Write a program or function whose input and output are multiline strings (you may take these as lists of single-line strings if you prefer). The input and output should be identical, except that each tab character (ASCII/Unicode 9) must be replaced with one or more spaces, subject to the following conditions:

  • Create a list of numbers corresponding to each line of output (its tabstops); specifically, for each tab character that was expanded on that line, take the column number of the last space that was expanded from that tab (here, "column number" = the number of characters on that line up to and including that character). So for example, if you expanded a␉b␉c to a b c, the list would be [4,7]. The lists must have the following properties:
    • For each pair of consecutive lines, one of those lines' tabstops list must be a prefix of the other's (a list is a prefix of itself, e.g. [4,7] and [4,7] is OK, as are [4,7,9] and [4,7], as are [4] and [4,7], but [4,5] and [4,7] would not be allowed).
    • For each number in each list, it must be greater by at least 2 than the number to its left (if it's the first element, treat the hypothetical "zeroth element" to its left as having a value of 0). (We're using a value of 2 for the purposes of this challenge because it gives good results for tabulation and alignment and decent results for indentation. Sorry, 4-space or 8-space indentation fans.)
  • The answer produced must be as short as possible while complying with the above restriction.

Example

Input

represents a literal tab character, because literal tabs don't show up well on Stack Exchange.
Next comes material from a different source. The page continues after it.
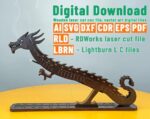 Quemador de Incienso de Madera de Dragón - Archivos Digitales CNC Cortados a Láser en Formatos Vectoriales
// Elastic tabs handle indentation...
{
␉foo;
␉{
␉␉bar;
␉}
}
// alignment...
int␉foo␉(int),
␉bar␉(void),
␉baz;
float␉quux␉(float),
␉garply;
// tabulation...
␉1␉2␉3␉4
1␉1␉2␉3␉4
2␉2␉4␉6␉8
3␉3␉6␉9␉12
4␉4␉8␉12␉16
// and all three at once.
while True:
␉numbers␉=␉one␉and␉two
␉␉and␉three␉or␉four

Output

I've added extra information to the right of this output to show the tabstops on each line. Those aren't part of the expected output, they're just there to help explain what's going on.

// Elastic tabs handle indentation...       []
{                                           []
  foo;                                      [2]
  {                                         [2]
    bar;                                    [2,4]
  }                                         [2]
}                                           []
// alignment...                             []
int   foo (int),                            [6,10]
      bar (void),                           [6,10]
      baz;                                  [6]
float quux (float),                         [6,11]
      garply;                               [6]
// tabulation...                            []
  1 2 3  4                                  [2,4,6,9]
1 1 2 3  4                                  [2,4,6,9]
2 2 4 6  8                                  [2,4,6,9]
3 3 6 9  12                                 [2,4,6,9]
4 4 8 12 16                                 [2,4,6,9]
// and all three at once.                   []
while True:                                 []
  numbers =   one   and two                 [2,10,14,20,24]
          and three or  four                [2,10,14,20,24]

Clarifications

  • The input won't contain a tab character at the end of a line (basically because this is an uninteresting case which wouldn't make a visual difference to the output).
  • The input will only contain printable ASCII (including space), plus newline and tab. As such, it's up to you whether you treat the input as bytes or characters; the two will be equivalent.
  • This is, in its spirit, a challenge about formatting output for display on the screen. As such, this challenge uses the rules for challenges (e.g. you're allowed to output a string out of order via the use of terminal cursor motion commands if you wish), even though it technically isn't about ASCII art.
  • Despite the previous point, outputting the answer via displaying it on the screen isn't necessary (although you can certainly output like that if you want to); you can use any method of outputting a string that PPCG allows by default (e.g. returning it from a function).
  • The input will not contain trailing whitespace (except for, if you wish, a single trailing newline). Trailing whitespace on the output will be irrelevant from the point of view of correctness (i.e. you can add trailing whitespace or leave it off, it doesn't matter). Again, this is because it wouldn't show up on a screen.

Victory condition

This is , so shorter is better.

user62131

Posted 2017-05-21T02:30:03.520

Reputation:

For people who can see deleted posts: the Sandbox post was here.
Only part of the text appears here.